Prompt: Copy out every line of the records where the string "This" occurs.

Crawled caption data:
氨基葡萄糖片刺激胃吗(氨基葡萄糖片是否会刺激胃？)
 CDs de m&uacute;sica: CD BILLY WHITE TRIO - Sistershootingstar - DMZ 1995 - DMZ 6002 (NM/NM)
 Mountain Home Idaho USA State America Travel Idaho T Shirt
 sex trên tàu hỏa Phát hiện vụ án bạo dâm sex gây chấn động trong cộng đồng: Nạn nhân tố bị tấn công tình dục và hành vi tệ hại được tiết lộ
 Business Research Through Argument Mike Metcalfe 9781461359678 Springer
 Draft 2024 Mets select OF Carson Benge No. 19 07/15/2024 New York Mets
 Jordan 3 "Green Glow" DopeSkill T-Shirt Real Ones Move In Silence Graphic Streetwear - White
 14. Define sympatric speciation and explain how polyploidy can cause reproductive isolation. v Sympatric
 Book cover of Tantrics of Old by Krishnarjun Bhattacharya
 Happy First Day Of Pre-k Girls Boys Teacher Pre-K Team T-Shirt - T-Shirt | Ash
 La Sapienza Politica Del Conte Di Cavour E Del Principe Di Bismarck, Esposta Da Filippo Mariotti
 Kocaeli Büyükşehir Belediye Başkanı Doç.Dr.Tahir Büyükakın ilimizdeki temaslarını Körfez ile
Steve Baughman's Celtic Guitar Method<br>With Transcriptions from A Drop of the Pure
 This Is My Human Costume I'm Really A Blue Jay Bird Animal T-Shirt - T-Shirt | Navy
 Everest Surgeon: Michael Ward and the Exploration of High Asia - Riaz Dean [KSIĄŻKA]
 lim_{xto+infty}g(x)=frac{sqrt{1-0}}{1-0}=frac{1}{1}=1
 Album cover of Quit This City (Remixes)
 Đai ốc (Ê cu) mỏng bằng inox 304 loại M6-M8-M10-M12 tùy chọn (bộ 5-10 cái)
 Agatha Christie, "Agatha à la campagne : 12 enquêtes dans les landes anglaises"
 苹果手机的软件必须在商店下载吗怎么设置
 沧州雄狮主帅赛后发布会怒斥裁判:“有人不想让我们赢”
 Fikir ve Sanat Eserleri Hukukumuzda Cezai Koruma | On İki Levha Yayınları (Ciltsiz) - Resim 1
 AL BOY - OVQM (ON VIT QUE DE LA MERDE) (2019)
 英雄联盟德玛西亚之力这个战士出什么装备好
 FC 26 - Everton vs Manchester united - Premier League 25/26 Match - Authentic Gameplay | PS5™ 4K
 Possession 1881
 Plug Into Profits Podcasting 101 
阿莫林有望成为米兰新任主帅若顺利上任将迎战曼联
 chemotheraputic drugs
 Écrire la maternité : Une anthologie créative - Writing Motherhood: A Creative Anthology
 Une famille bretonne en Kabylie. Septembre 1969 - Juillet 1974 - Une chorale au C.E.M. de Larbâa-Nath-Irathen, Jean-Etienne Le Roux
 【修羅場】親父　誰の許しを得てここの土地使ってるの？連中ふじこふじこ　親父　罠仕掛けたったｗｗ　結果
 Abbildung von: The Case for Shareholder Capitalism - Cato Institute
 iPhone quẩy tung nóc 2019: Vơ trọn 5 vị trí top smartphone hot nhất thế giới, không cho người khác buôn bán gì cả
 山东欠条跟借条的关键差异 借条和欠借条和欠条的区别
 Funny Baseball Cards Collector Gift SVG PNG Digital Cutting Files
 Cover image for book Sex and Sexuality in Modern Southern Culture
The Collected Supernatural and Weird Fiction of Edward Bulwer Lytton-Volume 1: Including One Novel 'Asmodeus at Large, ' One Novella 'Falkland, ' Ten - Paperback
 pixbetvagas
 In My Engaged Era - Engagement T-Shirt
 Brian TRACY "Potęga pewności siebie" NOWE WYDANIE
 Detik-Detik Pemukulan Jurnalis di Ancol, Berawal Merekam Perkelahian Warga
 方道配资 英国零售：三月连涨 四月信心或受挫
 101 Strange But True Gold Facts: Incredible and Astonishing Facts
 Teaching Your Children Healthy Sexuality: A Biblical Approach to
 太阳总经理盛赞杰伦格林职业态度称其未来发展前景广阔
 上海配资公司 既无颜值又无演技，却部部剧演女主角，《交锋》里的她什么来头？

Exercise answer:
 This Is My Human Costume I'm Really A Blue Jay Bird Animal T-Shirt - T-Shirt | Navy
 Album cover of Quit This City (Remixes)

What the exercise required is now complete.